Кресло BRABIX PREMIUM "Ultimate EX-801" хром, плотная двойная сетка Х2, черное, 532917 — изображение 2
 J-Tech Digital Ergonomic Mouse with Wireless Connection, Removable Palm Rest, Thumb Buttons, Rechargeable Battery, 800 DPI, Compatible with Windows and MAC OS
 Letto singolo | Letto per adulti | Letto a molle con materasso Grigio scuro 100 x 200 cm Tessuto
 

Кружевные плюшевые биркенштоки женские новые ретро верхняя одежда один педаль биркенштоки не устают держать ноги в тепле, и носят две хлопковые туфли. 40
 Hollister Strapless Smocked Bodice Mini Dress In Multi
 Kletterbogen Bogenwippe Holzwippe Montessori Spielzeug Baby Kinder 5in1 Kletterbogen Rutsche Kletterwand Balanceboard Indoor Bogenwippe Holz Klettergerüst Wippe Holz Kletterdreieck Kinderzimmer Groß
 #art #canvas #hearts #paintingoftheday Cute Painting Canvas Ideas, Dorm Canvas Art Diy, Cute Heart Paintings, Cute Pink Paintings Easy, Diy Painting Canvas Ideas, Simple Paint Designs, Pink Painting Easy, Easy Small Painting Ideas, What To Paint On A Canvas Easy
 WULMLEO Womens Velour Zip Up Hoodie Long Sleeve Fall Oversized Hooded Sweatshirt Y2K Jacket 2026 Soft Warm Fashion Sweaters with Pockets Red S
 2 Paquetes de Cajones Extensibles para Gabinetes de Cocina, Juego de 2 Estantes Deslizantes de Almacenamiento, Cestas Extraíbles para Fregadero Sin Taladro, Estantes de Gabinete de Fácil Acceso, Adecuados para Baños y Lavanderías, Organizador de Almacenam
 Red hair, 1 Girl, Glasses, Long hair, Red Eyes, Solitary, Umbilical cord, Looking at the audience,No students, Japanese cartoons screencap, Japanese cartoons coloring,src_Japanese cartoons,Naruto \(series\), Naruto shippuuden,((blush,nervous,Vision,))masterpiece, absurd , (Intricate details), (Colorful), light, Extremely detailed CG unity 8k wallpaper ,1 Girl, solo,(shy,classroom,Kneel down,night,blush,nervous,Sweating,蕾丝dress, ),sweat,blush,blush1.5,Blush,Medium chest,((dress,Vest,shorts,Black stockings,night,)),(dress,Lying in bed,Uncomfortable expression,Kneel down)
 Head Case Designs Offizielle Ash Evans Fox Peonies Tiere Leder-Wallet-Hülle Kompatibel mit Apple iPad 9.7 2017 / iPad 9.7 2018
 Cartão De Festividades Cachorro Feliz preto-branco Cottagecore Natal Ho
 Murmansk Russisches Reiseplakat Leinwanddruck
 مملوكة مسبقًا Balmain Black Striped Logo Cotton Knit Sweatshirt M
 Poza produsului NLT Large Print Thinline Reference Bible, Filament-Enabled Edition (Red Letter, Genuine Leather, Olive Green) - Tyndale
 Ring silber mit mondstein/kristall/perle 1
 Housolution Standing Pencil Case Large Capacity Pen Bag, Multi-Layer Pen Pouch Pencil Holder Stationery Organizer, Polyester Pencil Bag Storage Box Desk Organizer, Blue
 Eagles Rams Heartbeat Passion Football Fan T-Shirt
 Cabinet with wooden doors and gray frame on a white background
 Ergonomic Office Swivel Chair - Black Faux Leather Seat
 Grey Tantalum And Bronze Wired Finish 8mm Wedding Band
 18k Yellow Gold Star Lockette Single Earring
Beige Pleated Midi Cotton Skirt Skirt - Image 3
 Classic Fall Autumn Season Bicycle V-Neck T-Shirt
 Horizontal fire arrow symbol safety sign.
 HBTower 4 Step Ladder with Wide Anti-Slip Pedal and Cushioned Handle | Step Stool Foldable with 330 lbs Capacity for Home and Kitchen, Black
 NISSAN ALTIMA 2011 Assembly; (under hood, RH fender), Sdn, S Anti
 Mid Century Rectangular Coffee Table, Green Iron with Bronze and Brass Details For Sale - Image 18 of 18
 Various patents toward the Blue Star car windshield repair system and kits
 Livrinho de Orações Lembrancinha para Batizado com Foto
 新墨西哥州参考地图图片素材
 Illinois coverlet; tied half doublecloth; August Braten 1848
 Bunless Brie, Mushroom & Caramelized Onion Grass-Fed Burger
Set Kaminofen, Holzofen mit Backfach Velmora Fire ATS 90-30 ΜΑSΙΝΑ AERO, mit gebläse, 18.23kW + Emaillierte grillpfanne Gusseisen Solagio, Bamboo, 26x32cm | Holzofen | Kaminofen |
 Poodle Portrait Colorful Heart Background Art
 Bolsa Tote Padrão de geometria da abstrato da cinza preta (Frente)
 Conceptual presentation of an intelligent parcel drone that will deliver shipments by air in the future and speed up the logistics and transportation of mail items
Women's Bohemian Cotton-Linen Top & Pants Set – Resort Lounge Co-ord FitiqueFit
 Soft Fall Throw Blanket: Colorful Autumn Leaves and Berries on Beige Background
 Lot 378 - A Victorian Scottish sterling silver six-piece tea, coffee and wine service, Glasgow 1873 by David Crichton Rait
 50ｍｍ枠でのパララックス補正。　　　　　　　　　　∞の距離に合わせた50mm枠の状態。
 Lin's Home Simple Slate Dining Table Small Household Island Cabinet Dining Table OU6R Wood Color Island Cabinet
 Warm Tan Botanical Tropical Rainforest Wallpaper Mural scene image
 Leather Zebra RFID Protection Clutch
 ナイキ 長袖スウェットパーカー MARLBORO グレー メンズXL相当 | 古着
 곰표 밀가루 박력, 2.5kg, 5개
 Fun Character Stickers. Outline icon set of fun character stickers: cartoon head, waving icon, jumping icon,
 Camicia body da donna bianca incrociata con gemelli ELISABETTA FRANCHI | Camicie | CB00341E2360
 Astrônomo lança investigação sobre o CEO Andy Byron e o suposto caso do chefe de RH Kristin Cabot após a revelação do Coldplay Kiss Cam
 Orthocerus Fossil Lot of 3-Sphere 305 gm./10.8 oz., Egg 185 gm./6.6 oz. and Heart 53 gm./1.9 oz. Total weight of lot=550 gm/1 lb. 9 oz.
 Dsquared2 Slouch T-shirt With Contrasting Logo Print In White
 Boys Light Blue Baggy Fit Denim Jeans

——————————

→ **What you need to do**:
Transcribe the line that contains "Poodle Portrait Colorful" exactly, then each line after it through the end of the material. Nothing else belongs in the output.

→ **Task output**:
 Poodle Portrait Colorful Heart Background Art
 Bolsa Tote Padrão de geometria da abstrato da cinza preta (Frente)
 Conceptual presentation of an intelligent parcel drone that will deliver shipments by air in the future and speed up the logistics and transportation of mail items
Women's Bohemian Cotton-Linen Top & Pants Set – Resort Lounge Co-ord FitiqueFit
 Soft Fall Throw Blanket: Colorful Autumn Leaves and Berries on Beige Background
 Lot 378 - A Victorian Scottish sterling silver six-piece tea, coffee and wine service, Glasgow 1873 by David Crichton Rait
 50ｍｍ枠でのパララックス補正。　　　　　　　　　　∞の距離に合わせた50mm枠の状態。
 Lin's Home Simple Slate Dining Table Small Household Island Cabinet Dining Table OU6R Wood Color Island Cabinet
 Warm Tan Botanical Tropical Rainforest Wallpaper Mural scene image
 Leather Zebra RFID Protection Clutch
 ナイキ 長袖スウェットパーカー MARLBORO グレー メンズXL相当 | 古着
 곰표 밀가루 박력, 2.5kg, 5개
 Fun Character Stickers. Outline icon set of fun character stickers: cartoon head, waving icon, jumping icon,
 Camicia body da donna bianca incrociata con gemelli ELISABETTA FRANCHI | Camicie | CB00341E2360
 Astrônomo lança investigação sobre o CEO Andy Byron e o suposto caso do chefe de RH Kristin Cabot após a revelação do Coldplay Kiss Cam
 Orthocerus Fossil Lot of 3-Sphere 305 gm./10.8 oz., Egg 185 gm./6.6 oz. and Heart 53 gm./1.9 oz. Total weight of lot=550 gm/1 lb. 9 oz.
 Dsquared2 Slouch T-shirt With Contrasting Logo Print In White
 Boys Light Blue Baggy Fit Denim Jeans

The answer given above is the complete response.